A daily break announced recently by Israel on a southern route, presented as a way to facilitate the entry of aid through the Israeli Kerem Shalom crossing into Gaza, had “no impact”, according to the WHO. The influx of aid “has been minimal.”

In the small territory where some 2.4 million Palestinians are crowded together, “more than a million people are constantly on the move” in the hope of finding a safe place while “no place is safe,” said the Dr Thanos Gargavanis, head of emergencies at WHO.

Cross-border violence

While negotiations for a ceasefire are stalling, the war has caused an outbreak of violence on the Israeli-Lebanese border, where confrontations are almost daily.

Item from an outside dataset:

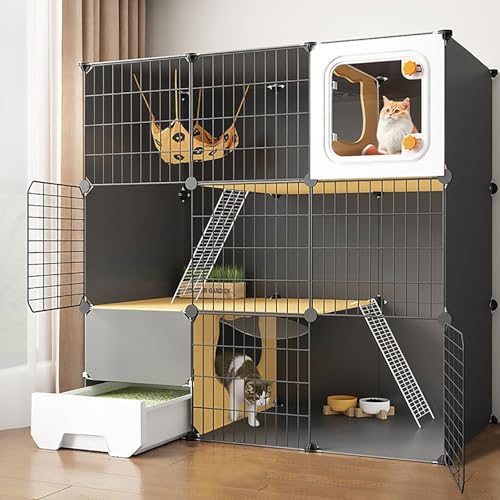 Pucaru Katzenkäfig mit Katzentoilette, DIY-Katzenlaufstall für den Innenbereich, Abnehmbarer Metallkäfig für Kleintiere, Mehrschichtige Plattform(105x45x105cm) von Pucaru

Exchanges of fire between the army and Hezbollah, a movement supported by Iran, have intensified recently.

In a televised address, Hezbollah leader Hassan Nasrallah warned Wednesday that “no place” in Israel would be spared from his movement’s missiles, after the Israeli army announced the validation of “operational plans for an offensive in Lebanon.”

On Friday, the Shiite movement claimed to have carried out attacks against border military targets. In Lebanon, media reported Israeli strikes and bombings against several locations in the south of the country.

Lebanon must not become “another Gaza”, pleaded UN boss Antonio Guterres, highlighting fears of a regional conflagration.